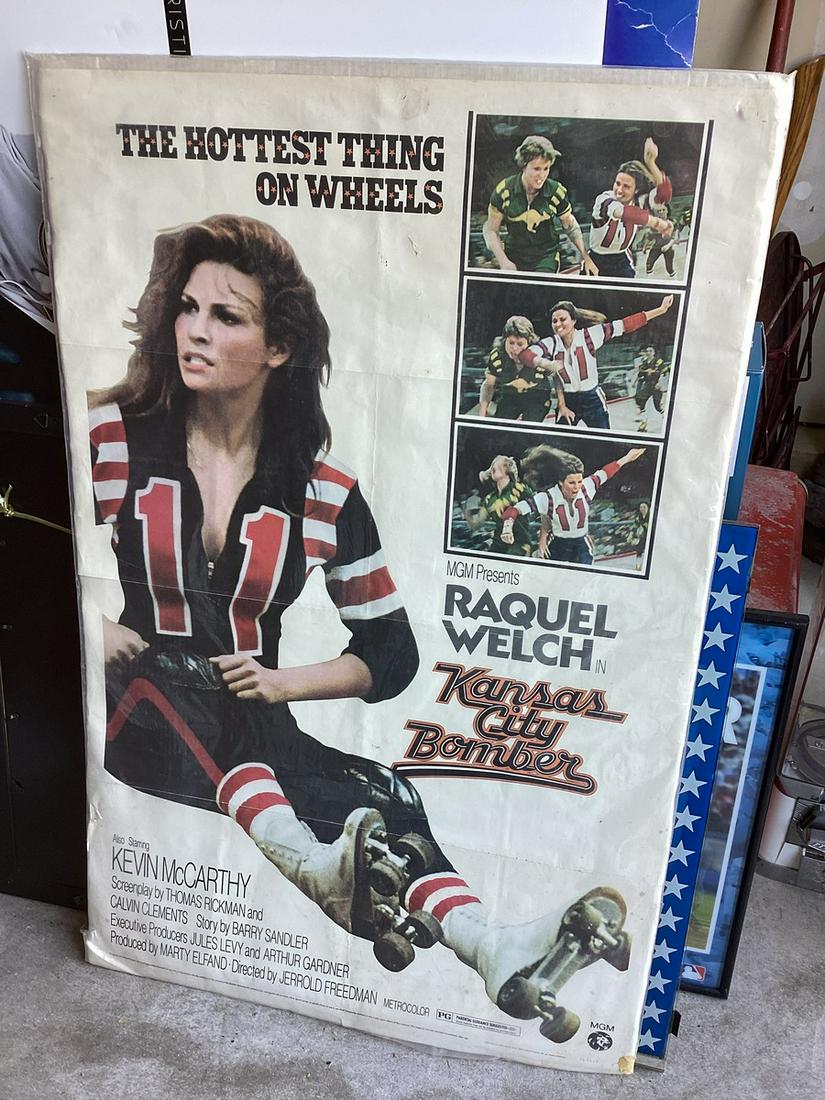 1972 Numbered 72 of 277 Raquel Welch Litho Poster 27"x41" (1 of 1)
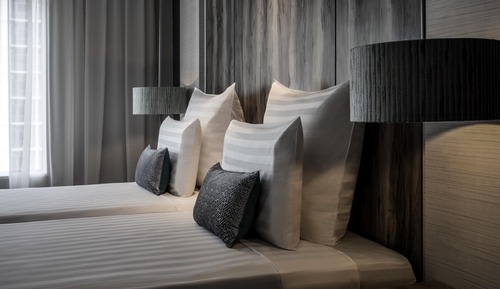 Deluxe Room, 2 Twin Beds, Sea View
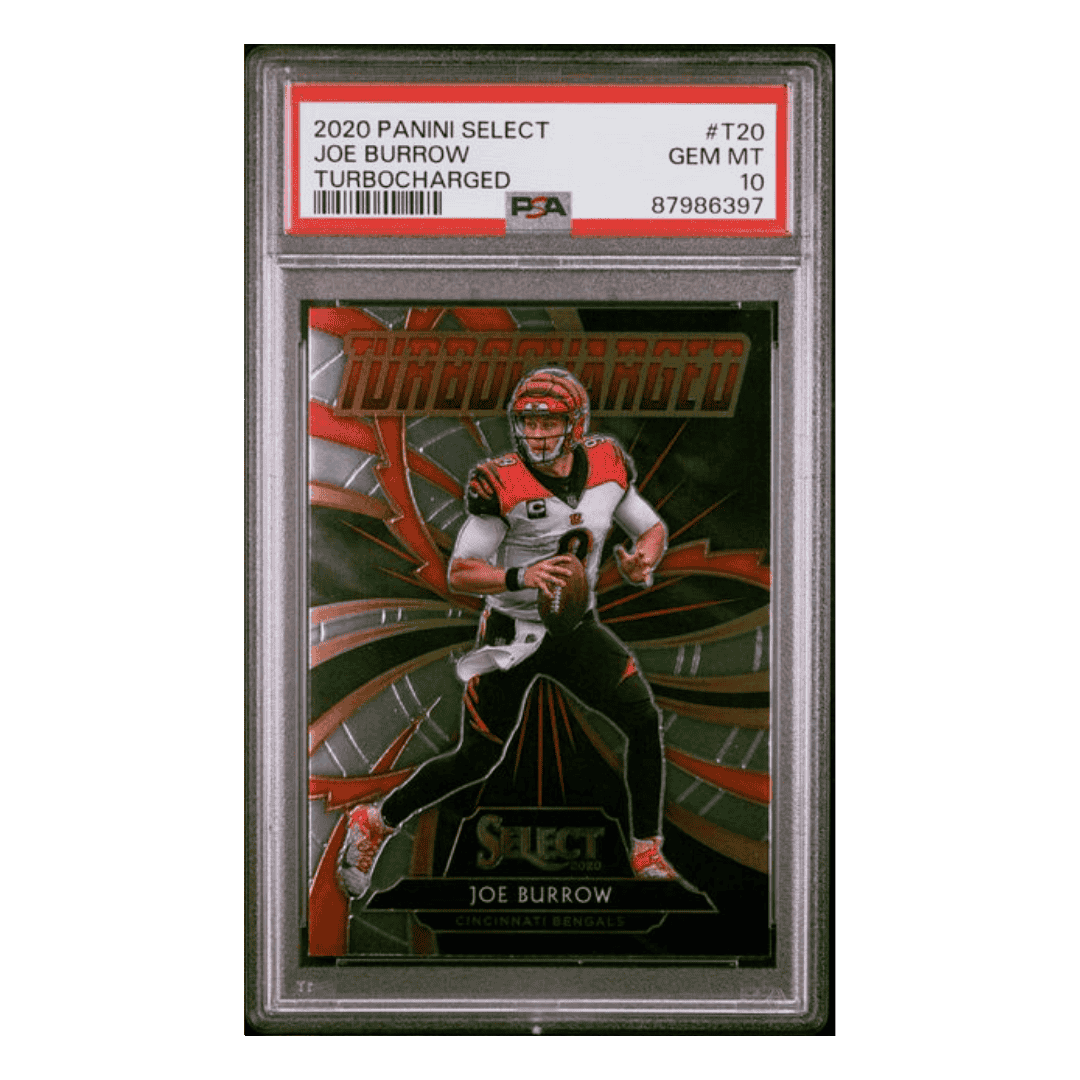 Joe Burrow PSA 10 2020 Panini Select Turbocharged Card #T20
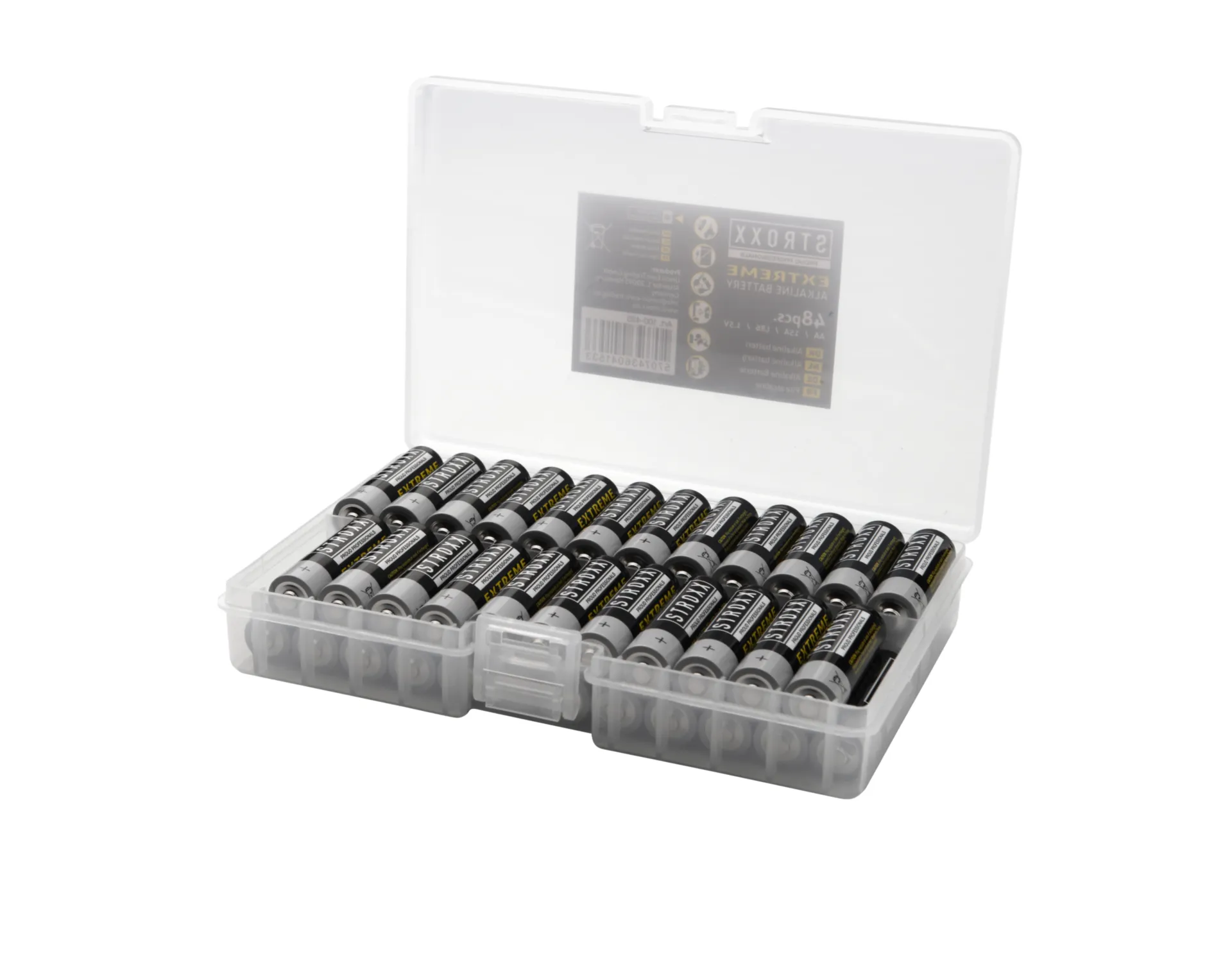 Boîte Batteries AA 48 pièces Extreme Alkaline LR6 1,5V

————

> _Your objective_
I'd like the material repeated word for word, without the pictures it holds.

> _Result of the exercise_
 1972 Numbered 72 of 277 Raquel Welch Litho Poster 27"x41" (1 of 1)
 Deluxe Room, 2 Twin Beds, Sea View
 Joe Burrow PSA 10 2020 Panini Select Turbocharged Card #T20
 Boîte Batteries AA 48 pièces Extreme Alkaline LR6 1,5V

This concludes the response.